It was a trademark, decadent South Beach moment: Noon, poolside at the new and trendy Mondrian Hotel, with leggy models in skimpy bathing suits skulking alongside Akon, the best-selling reggaetón duo Wisin & Yandel and the urban bachata group Aventura. They were here to shoot a video for the Aventura single “All Up 2 You.” The director was filmmaker Jessy Terrero, a favorite of artists like Mary J. Blige and Enrique Iglesias, and the mood was a cultural mash-up of English and Spanish, beer and mango mojitos, rap and reggaetón.
It would be easy to get used to this, and Wisin & Yandel are well on their way. Just two months earlier in New York, the pair invited 50 Cent to shoot the Terrero-directed video of the single “Mujeres En El Club,” from the duo’s chart-topping new album “La Revolución.”
The collaboration marks one of the few times 50 Cent has appeared as a guest on another artist’s album.
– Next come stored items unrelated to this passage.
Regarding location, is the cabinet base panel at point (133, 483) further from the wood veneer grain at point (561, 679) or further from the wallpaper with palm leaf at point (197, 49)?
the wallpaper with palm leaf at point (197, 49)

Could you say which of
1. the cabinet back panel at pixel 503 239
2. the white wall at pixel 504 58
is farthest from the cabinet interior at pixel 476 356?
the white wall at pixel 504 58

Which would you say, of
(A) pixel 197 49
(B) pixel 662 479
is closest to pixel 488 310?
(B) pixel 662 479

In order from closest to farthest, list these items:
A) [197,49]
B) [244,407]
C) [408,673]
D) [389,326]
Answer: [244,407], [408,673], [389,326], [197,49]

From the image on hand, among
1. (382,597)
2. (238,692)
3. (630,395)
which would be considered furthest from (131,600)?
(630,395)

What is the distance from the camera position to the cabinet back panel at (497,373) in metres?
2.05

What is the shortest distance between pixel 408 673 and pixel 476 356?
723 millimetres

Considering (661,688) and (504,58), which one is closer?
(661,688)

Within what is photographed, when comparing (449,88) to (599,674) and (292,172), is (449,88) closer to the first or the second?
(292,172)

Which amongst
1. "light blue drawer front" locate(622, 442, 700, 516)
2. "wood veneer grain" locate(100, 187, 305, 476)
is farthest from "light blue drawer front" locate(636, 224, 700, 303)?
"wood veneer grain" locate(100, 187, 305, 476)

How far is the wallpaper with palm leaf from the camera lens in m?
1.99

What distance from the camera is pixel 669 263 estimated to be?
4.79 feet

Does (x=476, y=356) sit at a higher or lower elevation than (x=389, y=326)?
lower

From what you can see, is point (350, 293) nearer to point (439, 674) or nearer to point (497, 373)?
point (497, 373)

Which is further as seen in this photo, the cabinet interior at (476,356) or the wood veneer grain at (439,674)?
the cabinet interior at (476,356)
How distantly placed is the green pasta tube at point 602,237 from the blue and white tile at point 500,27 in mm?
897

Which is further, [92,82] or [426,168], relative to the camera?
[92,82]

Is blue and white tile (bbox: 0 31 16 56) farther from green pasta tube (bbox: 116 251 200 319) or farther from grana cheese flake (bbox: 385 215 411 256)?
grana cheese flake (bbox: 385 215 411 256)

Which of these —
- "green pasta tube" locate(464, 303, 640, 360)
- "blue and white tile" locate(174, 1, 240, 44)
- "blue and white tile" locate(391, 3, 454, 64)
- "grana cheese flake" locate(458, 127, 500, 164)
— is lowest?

It also underscores a rapidly growing mainstream interest in the Latin market and highlights how key Latin acts are changing the rules as they try to reach beyond their core fan base. Until recently, crossover acts had to sing in English to broaden their audience. Now a new wave of mainstream acts is coming to the Latin world. But instead of simply singing a song or two in Spanish, they’re recording and touring with marquee Latin acts. And Latin artists are borrowing a page from the mainstream handbook, promoting multiple tracks simultaneously to radio in an effort to broaden their audiences.
Aventura’s new album includes appearances by Ludacris and Wyclef Jean. Akon just released a single with former RBD member Dulce María. John Legend recently recorded a duet with Noel Schajris, formerly half of the pop duo Sin Bandera. And Nelly Furtado will release a Spanish-language album this fall.
Amid all this activity, few artists exemplify the art and business of cross-cultural collaboration better than Wisin & Yandel. On May 26 the reggaetón duo (whose real names are Juan Luis Morera Luna and Llandel Veguilla Malavé) released “La Revolución,” which debuted at No. 1 on Billboard’s Top Latin Albums chart and No. 7 on the Billboard 200. With 36,000 copies sold its first week, according to Nielsen SoundScan, “La Revolución” is the highest debut for a Latin act on the Billboard 200 since Maná bowed at No. 4 in September 2006 with “Revolución de Amor.” Aside from Maná, the duo is the only Latin act recording solely in Spanish to crack the top seven of the Billboard 200. The album was also released in a deluxe edition that includes a DVD and two bonus tracks.